Ma Domenico Tancioni, che era stato demorfinizzato da vari mesi, poteva ancora patire gli effetti della droga al momento dell’omicidio? I periti osservano che è proprio il periodo di astinenza morfinica ad essere il più fecondo di fatti criminosi. Citano lo studio I morfinisti del dottor Chambard per asserire che l’astinenza morfinica è accompagnata da veri impulsi coscienti o semicoscienti i cui risultati sono il suicidio, il furto, la violenza contro le persone. L’astinenza, unita ai suoi precedenti clinici della giovinezza, ha determinato in Domenico Tancioni l’insorgere di una forma patologica di istero-nevrastenia cerebrale che ha come conseguenza, tra gli altri disturbi, anche l’indebolimento dei poteri volitivi, l’impressionabilità, l’emotività esagerata, l’eretismo e l’impulsività nervosa. Quindi, concludono Rodi e Montoro, sebbene l’imputato non sia mai stato affetto da alienazione mentale, è innegabile che sia uno squilibrato originario affetto da istero-nevrastenia cerebrale. Tancioni, nel momento in cui commise l’omicidio, si trovava in un momento acutissimo della sua malattia e che tale stato anormale, coadiuvato dal concorso del pregresso morfinismo, se non gli tolse la coscienza nel momento in cui commise il reato, certamente però gli ridusse in tal guisa la libertà dei propri atti da farne scemare fortemente la imputabilità, senza escluderla.
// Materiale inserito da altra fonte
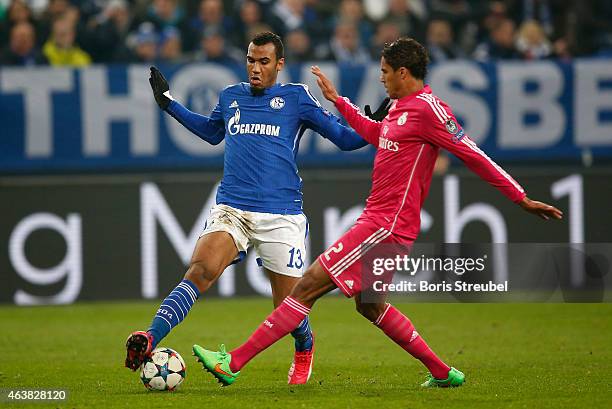 Raphael Varane of Real Madrid battles for the ball with Felix Platte of Schalke during the UEFA Champions League Round of 16 match between FC Schalke...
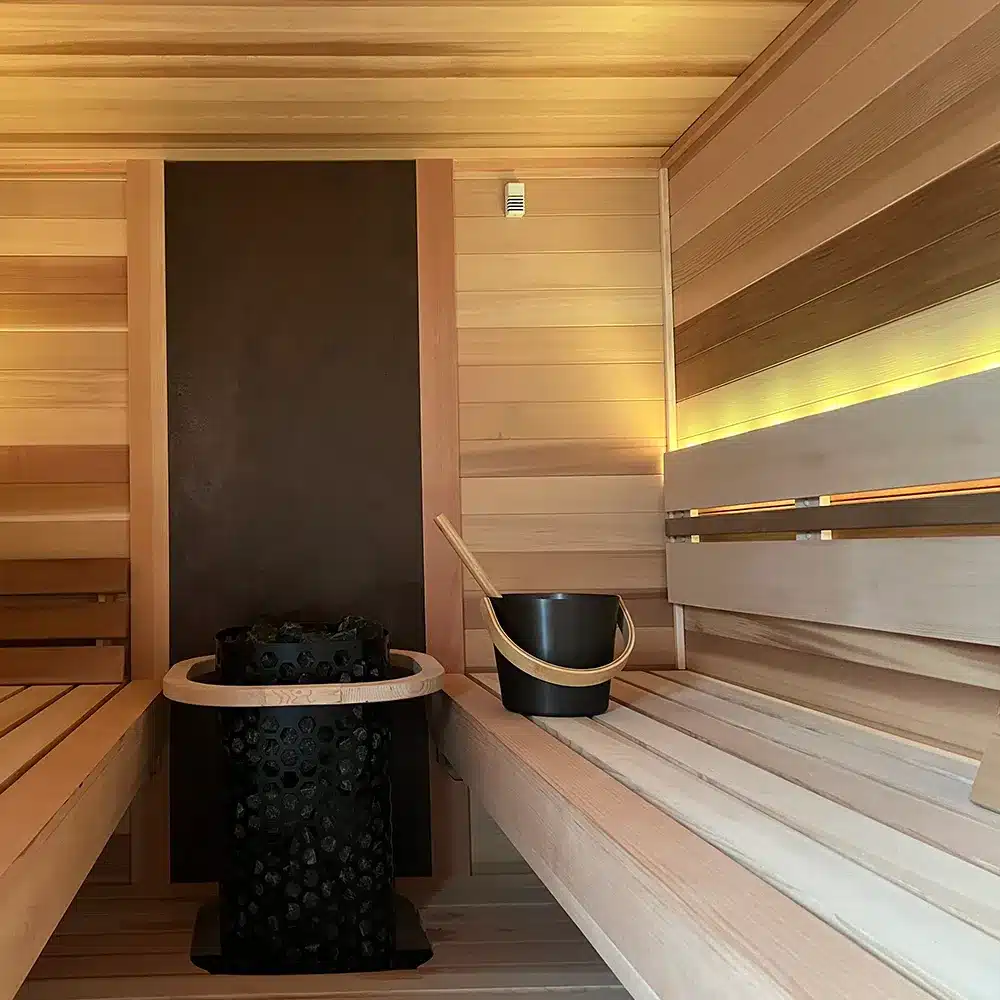 clear cedar benching and 3 bar wide ht backrest with led lighting in custom outdoor sauna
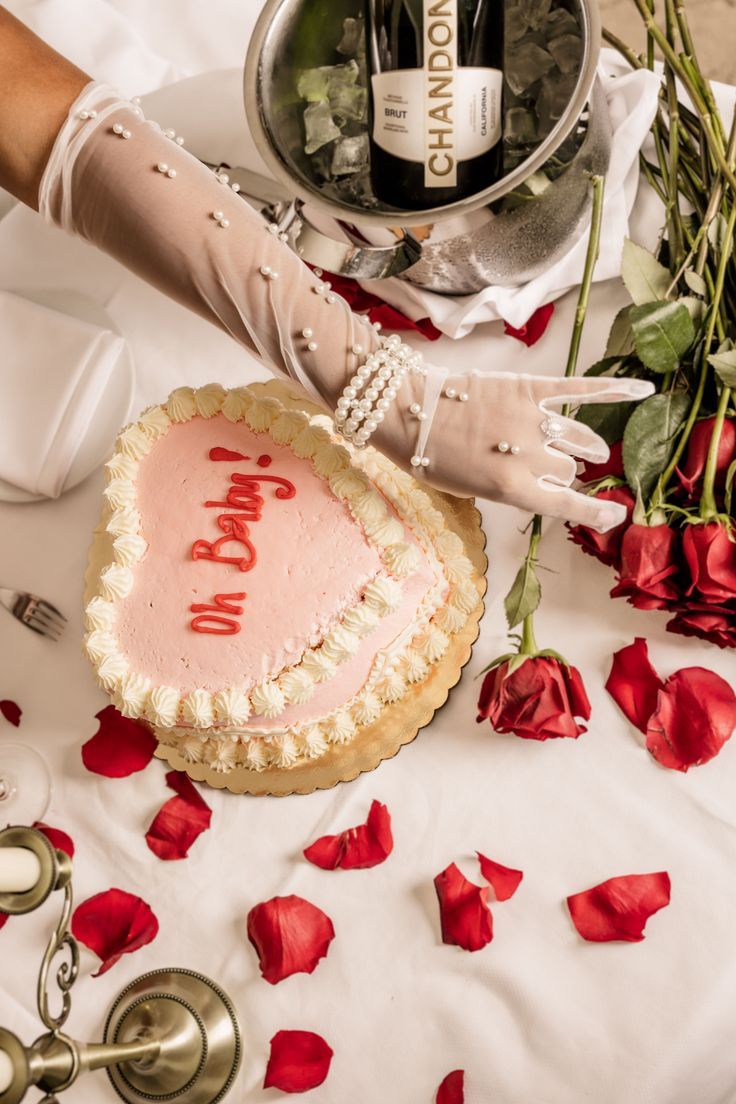 a woman's hand with white gloves is next to a cake and rose petals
Insomma, può essere processato. Dopo vari rinvii, il 23 settembre 1914 il dibattimento può iniziare. Domenico Tancioni è difeso dagli avvocati Ernesto Fagiani, Pietro Mancini e Adolfo Berardelli.
Ma accade qualcosa di strano. La quasi totalità dei testimoni citati dalle parti, ormai sparsi per l’Italia, sembra ammalarsi secondo il calendario delle udienze e non si riesce per un paio di mesi a venire a capo di questa misteriosa epidemia. Finalmente, in un modo o nell’altro, il 7 novembre 1914 la Giuria è in grado di emettere una sentenza: NON COLPEVOLE.[1]